1 Sep


By Lirio S. Covey, Ph.D.

Autism is described formally as a lhife-long disorder. Early understanding and knowledge about autism focused on the condition as seen in children but not so much on autism as experienced by adults. Recent years have seen a growing recognition that autism in adults occurs as well. In fact, because there aRe many more autistic persons older than 18 years of age than younger, it follows that there are more adults than children and adolescents who are autistic.

During the past several months, there have been notably more inquiries than in the past received by AAAP regarding autism diagnosed in adulthood. A recent article published in the journal, “Frontiers in Psychology ”, relates to that recent increased attention.

The study was conducted in the United Kingdom, participants were persons who had previously received an autism diagnosis only during their adult years who responded to an online survey. This convenience sample consisted of 151 persons; most were female (77.6%) and more than 50% had attended college or better were White British. The main questions asked in relation to the autism diagnosis obtained as adults concerned their self-esteem, mental wellbeing, and the concept of autism pride. Autism pride was conceived as reflecting pride in autism being a part of oneself and its converse, feelings of dissatisfaction with being autistic.

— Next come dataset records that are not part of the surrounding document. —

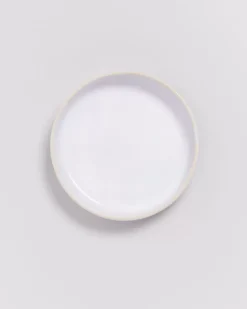 Motel a Miio Cordoama Miniteller Tief Weis Outlet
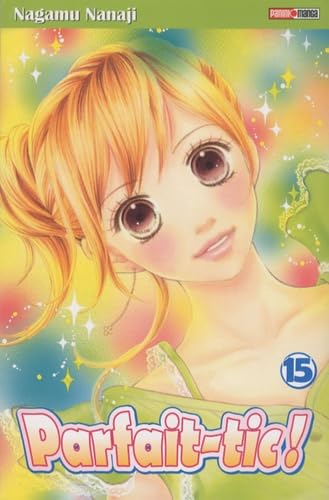 Panini Manga Manga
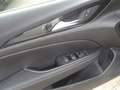 Opel Insignia GS Business 1.5 CDTi inkl. Big Deal Weiß - thumbnail 27
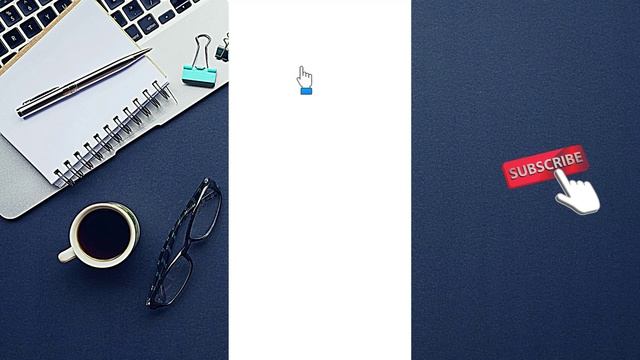 PAKAI CARA INI ! CHAT LAMA & BARU BALIK LAGI | CARA MEMULIHKAN PESAN WA YANG HILANG & TERHAPUS смотреть онлайн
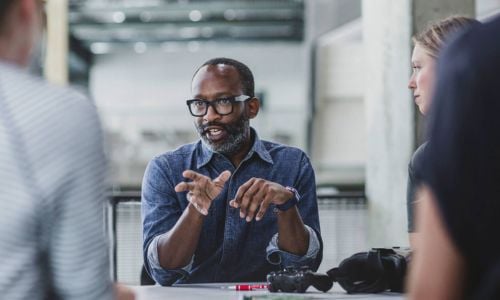 NIIF 2: Pagos basados en acciones a no empleados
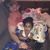 Patti Mankowski's profile image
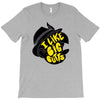 i can not lie T-Shirt
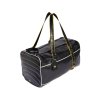PREMIUM WEEKENDER Bag Black KE2330 04 standard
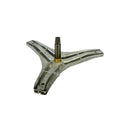 SAMSUNG - Oś bębna pralki - DC97-05103A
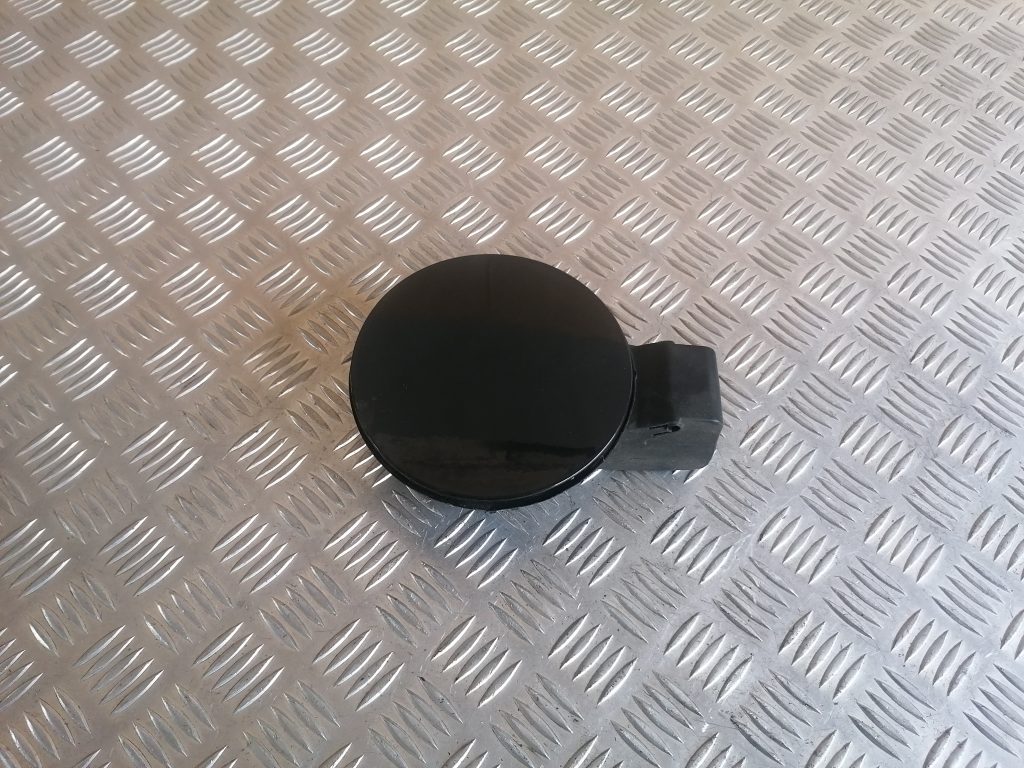 Degvielas tvertnes vāks priekš KIA CEED 2007 1 Degvielas tvertnes vāks priekš KIA CEED 2007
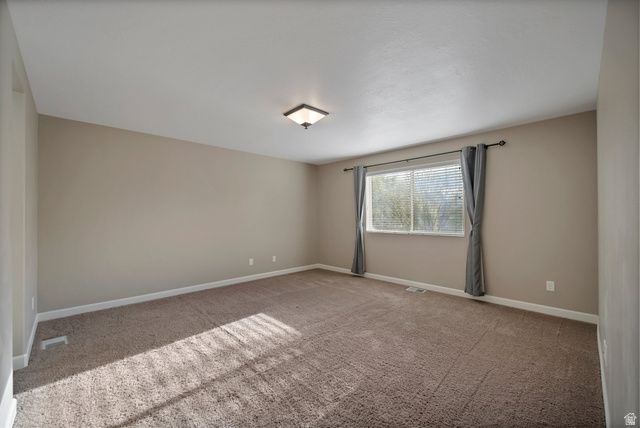 11184 S HEATHER GROVE LN, South Jordan, UT 84095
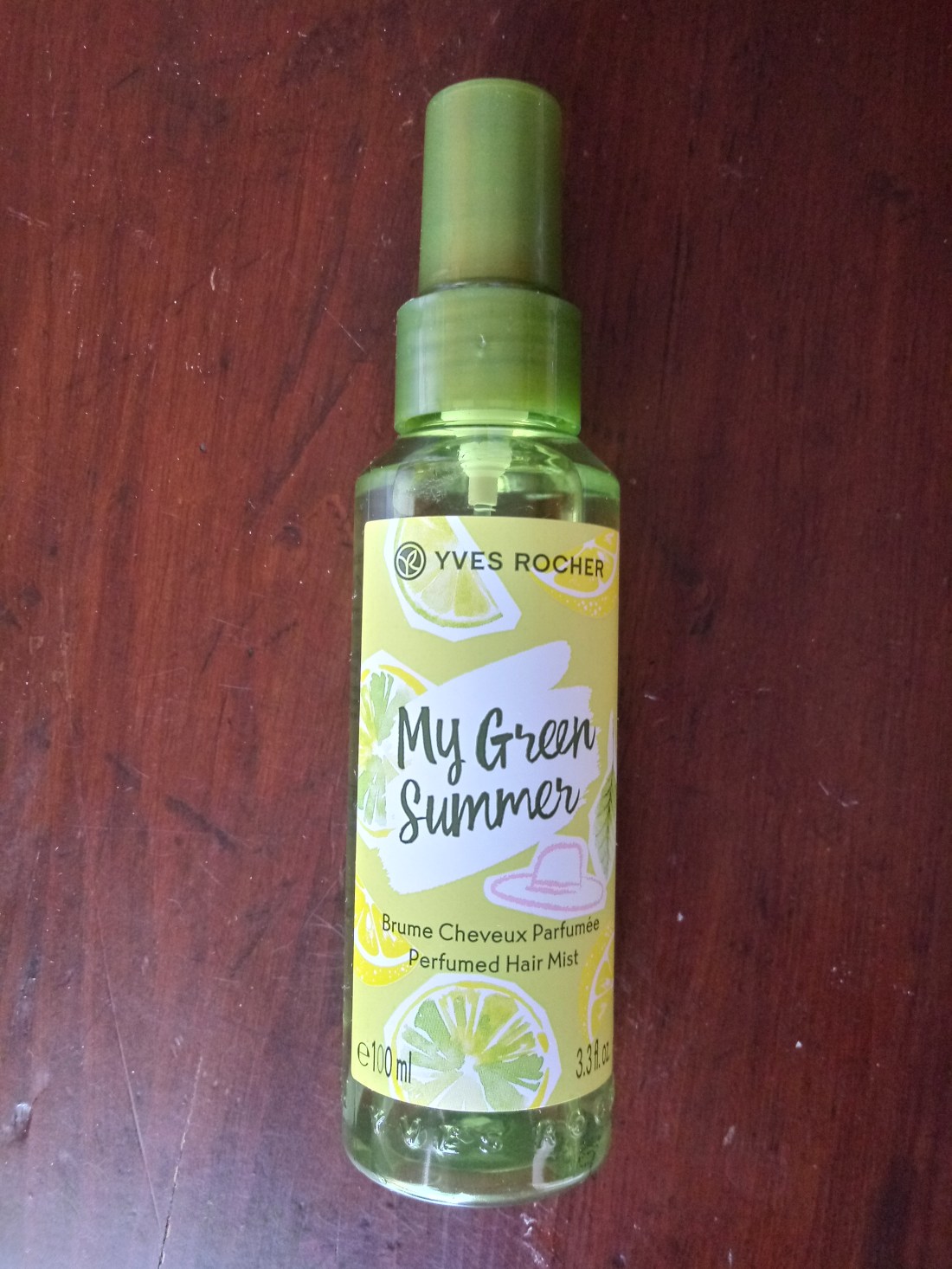 20190626_084501_HDR(1)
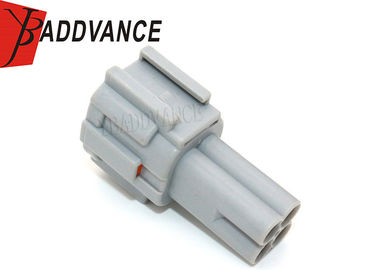 4 Way Male Sumitomo RS Series 090 Waterproof Connector 6188-0558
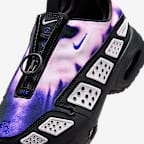 Γυναικεία παπούτσια Nike Air Max SNDR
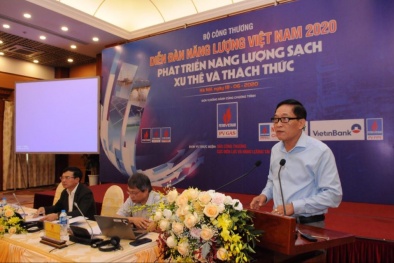 Tăng cường nghiên cứu KHCN thúc đẩy phát triển 13WIN là nhà cái uy tín top đầu Châu Á sạch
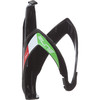Elite - Custom Race Water Bottle Cage
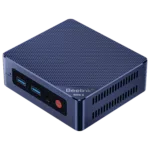 Beelink Mini S12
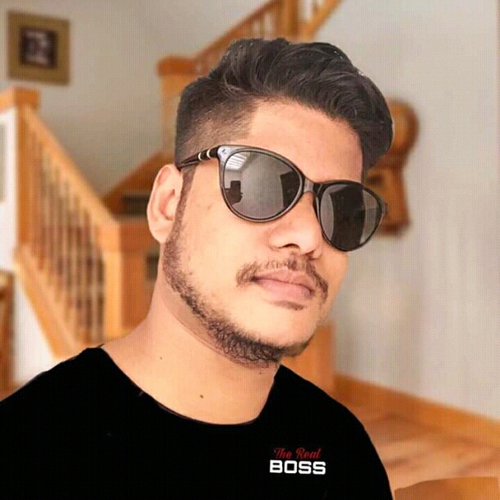 51989558 7261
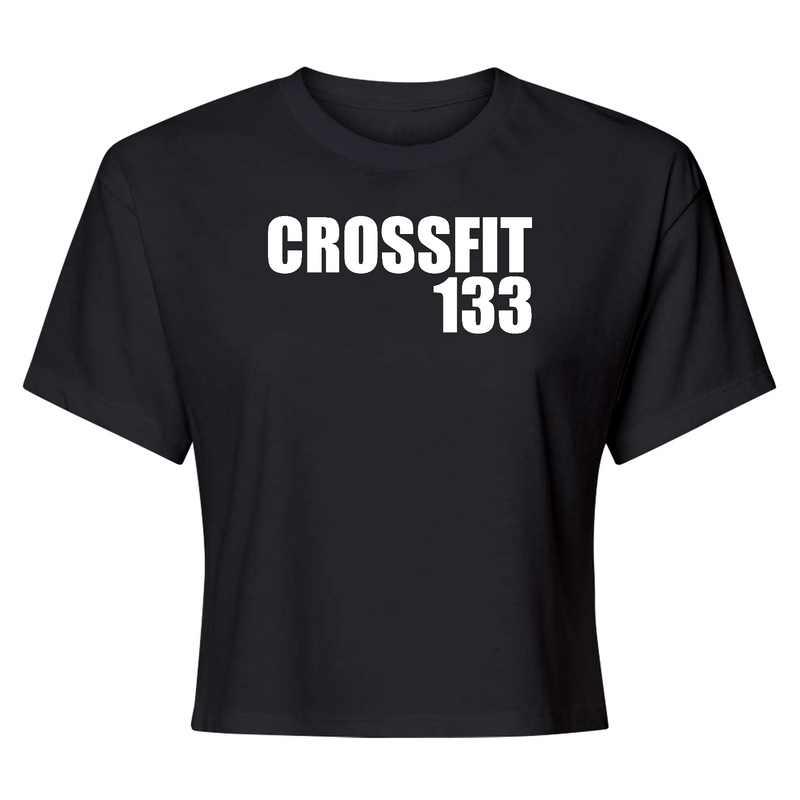 Womens X-Small Black Style_T-Shirt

The researchers found that, among the sample of adult autistics, diagnostic timing (years since the diagnosis) was not correlated with mental wellbeing but was correlated with self-esteem and autism pride. That is, the longer the time from being diagnosed as autistic, the better the self-esteem; on the other hand, lesser years since the time of diagnosis was correlated with greater dissatisfaction with being autistic.

Qualitative research from 54 of the original 151 participants were asked the question of how knowing the autism diagnosis had impacted their thoughts and feelings about themselves. What became apparent was that post-diagnosis, a dynamic process of attitudinal adjustment occurred. Characteristically, the process began with an emotional rejection of the diagnosis brought on by awareness of the stigma associated with autism and frustration that it had taken long to recognize the autism, followed by unfolding self-knowledge and, in time, a new appreciation of their differences from others, and eventual self-acceptance. Contact and support from others during this process exerted beneficial effects on developing self-esteem.

In other words, that the length of time from the autism diagnosis was a predictor of self-esteem indicates that a learning process takes place over time wherein upon learning the diagnosis, the newly diagnosed autistic person begins a self-exploration, understands how and why they are different from others, and can come to a growing appreciation of their positive autistic qualities, even if once presumed by themselves or others as deficits.

Notable limitations of the study that prevent generalization of the findings to other autistics receiving a late diagnosis are: 1) the information was obtained from a convenience and specialized sample – mostly female, well-educated, and White British, and 2) because the data obtained referred to only one time point in the participants’ life, only a presumptive rather than a causal effect of diagnostic timing on self-esteem and autism pride can be inferred.

What also remains to be known is whether, had the autism not been diagnosed earlier or at all, would the ensuing years have also brought on the increase in self-esteem, that is, as a natural effect of the person’s maturation, that is without the autism-related response. What is also of interest, since delayed diagnosis among autistic persons is not uncommon, is that, as suggested by the study findings, obtaining the autism diagnosis later in life can increase rather than decrease self-esteem.

Reference: Kirsten Corden, Rebecca Brewer, Eilidh Cage. “Personal Identity After an Autism Diagnosis: Relationships with Self-Esteem, Mental Wellbeing, and Diagnostic Timing. Frontier in Psychology, July, 2021.